We heard a measured and recurrent clangor as we neared the place—a most alarming and mystifying sound under the circumstances. It was like the hammering of ghouls on some forgotten mausoleum. When we drew nearer, the beams of our torches revealed a sight that was no less unexplainable than unexpected. A human figure, with its back toward us and the head concealed by a swollen black object that had the size and form of a sofa cushion, was standing near the remains of the mummy and was striking at the wall with a pointed metal bar. How long Octave had been there, and where he had found the bar, we could not know.

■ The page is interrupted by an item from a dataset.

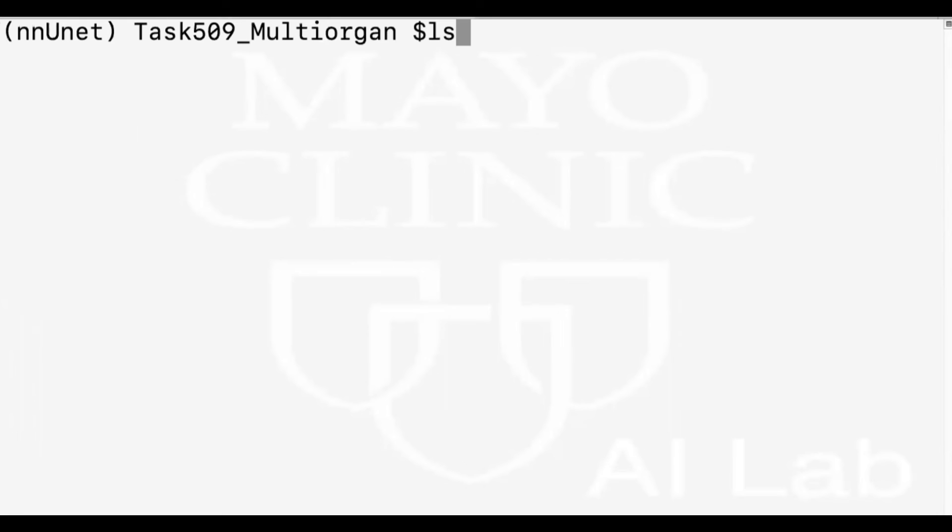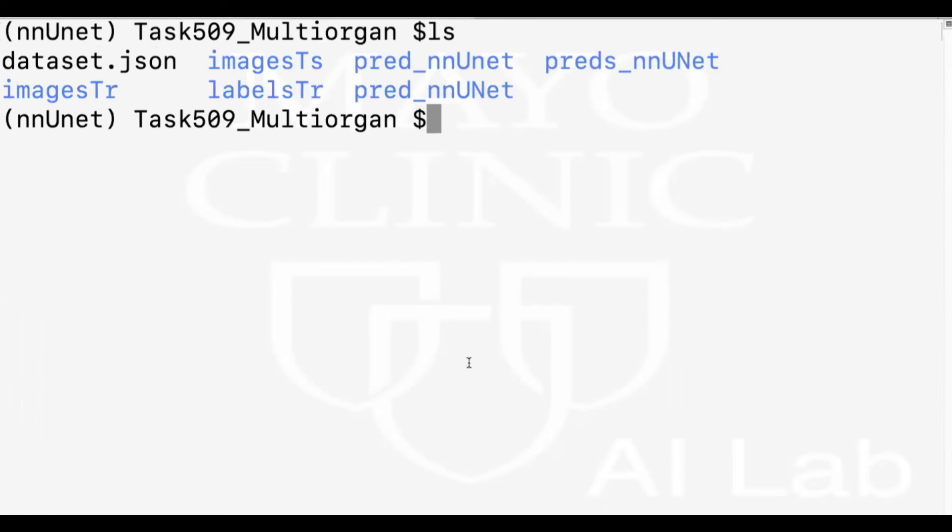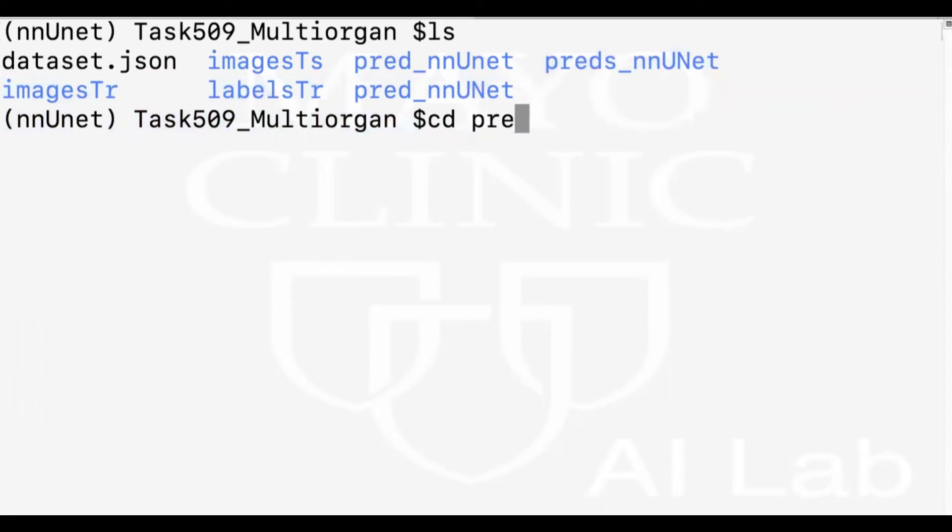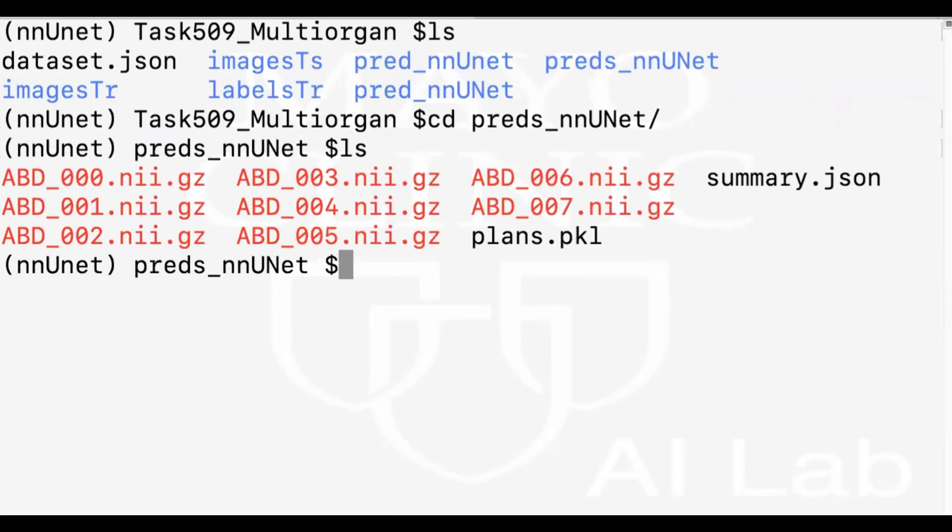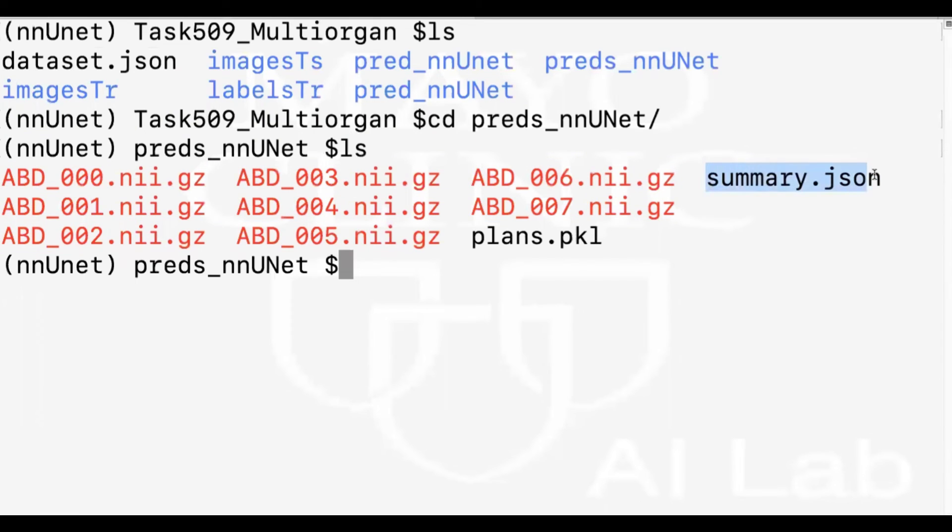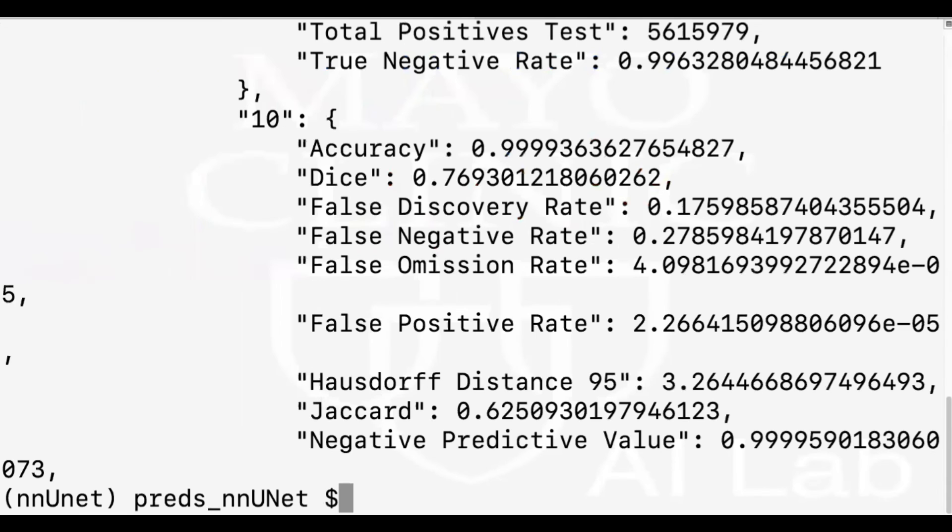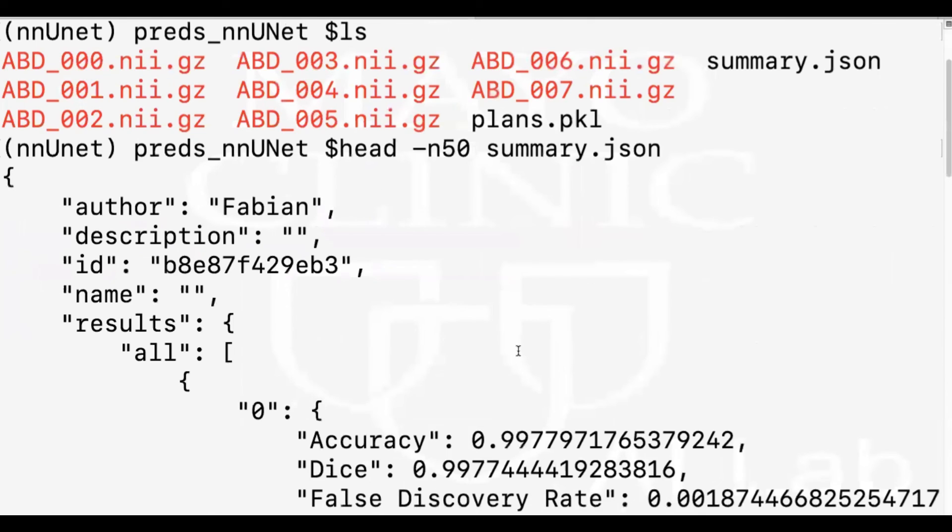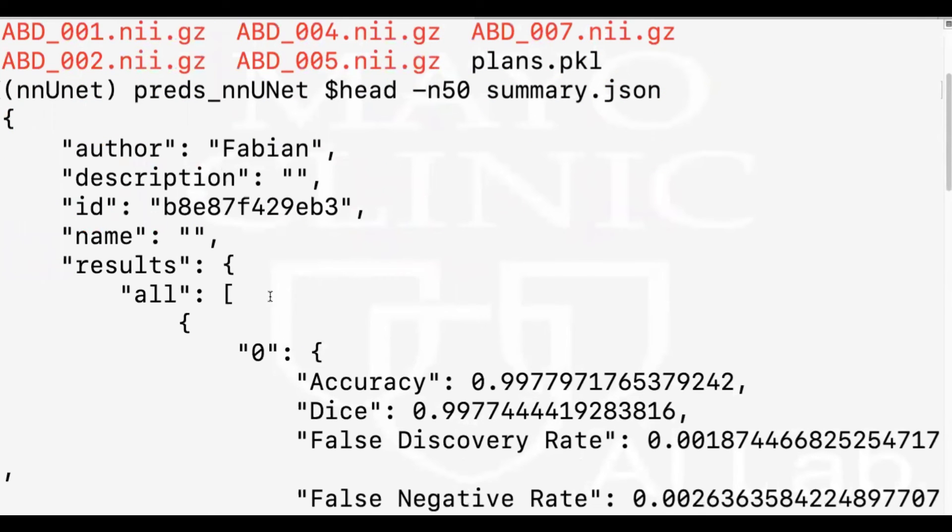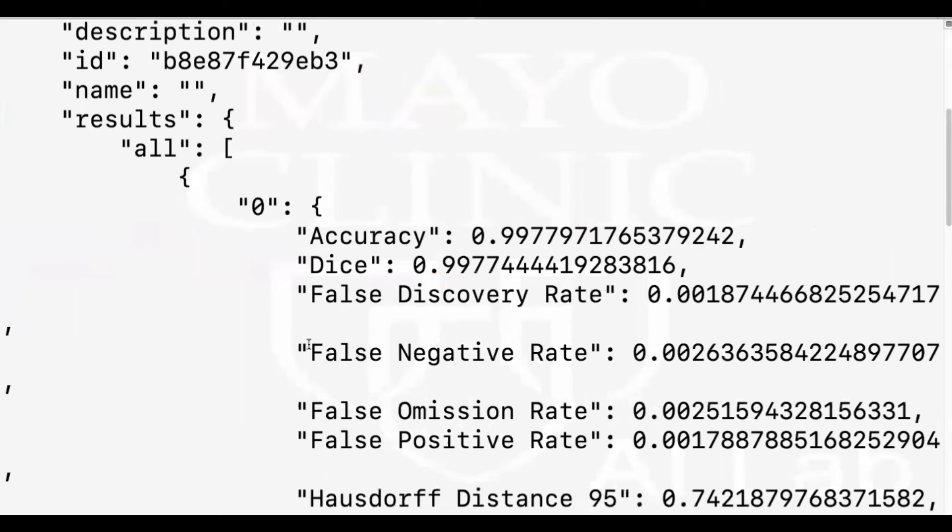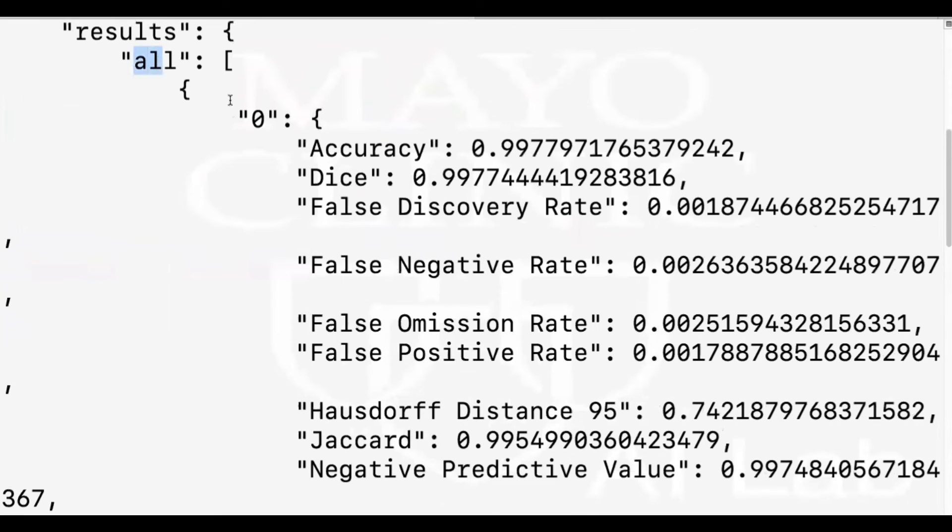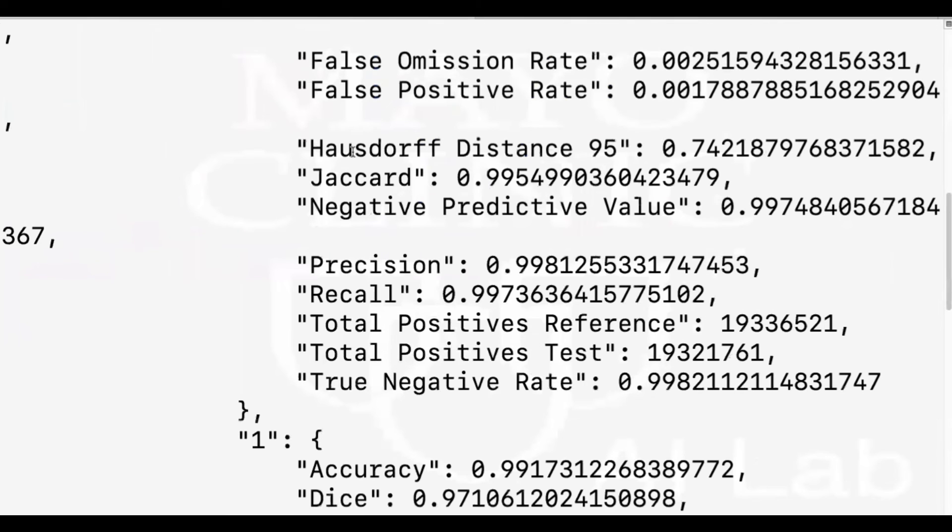So now if I show the task folder, we have the predictions in a folder called preds_nnUNet. Now you'll see all the eight test images have been predicted as you'll see here. And then the metrics are calculated in a file named summary.json. So I'm going to show you the first 50 lines of this file. And as you see, the metrics for all test images for each label are calculated.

But the blank wall had crumbled away beneath his furious blows, leaving on the floor a pile of cement-like fragments; and a small, narrow door, of the same ambiguous material as the cinerary urns and the fumigating-pan, had been laid bare.

 

Amazed, uncertain, inexpressibly bewildered, we were all incapable of action or volition at that moment. The whole business was too fantastic and too horrifying, and it was plain that Octave had been overcome by some sort of madness. I, for one, felt the violent upsurge of sudden nausea when I had identified the loathsomely bloated thing that clung to Octave's head and drooped in obscene tumescence on his neck. I did not dare to surmise the causation of its bloating.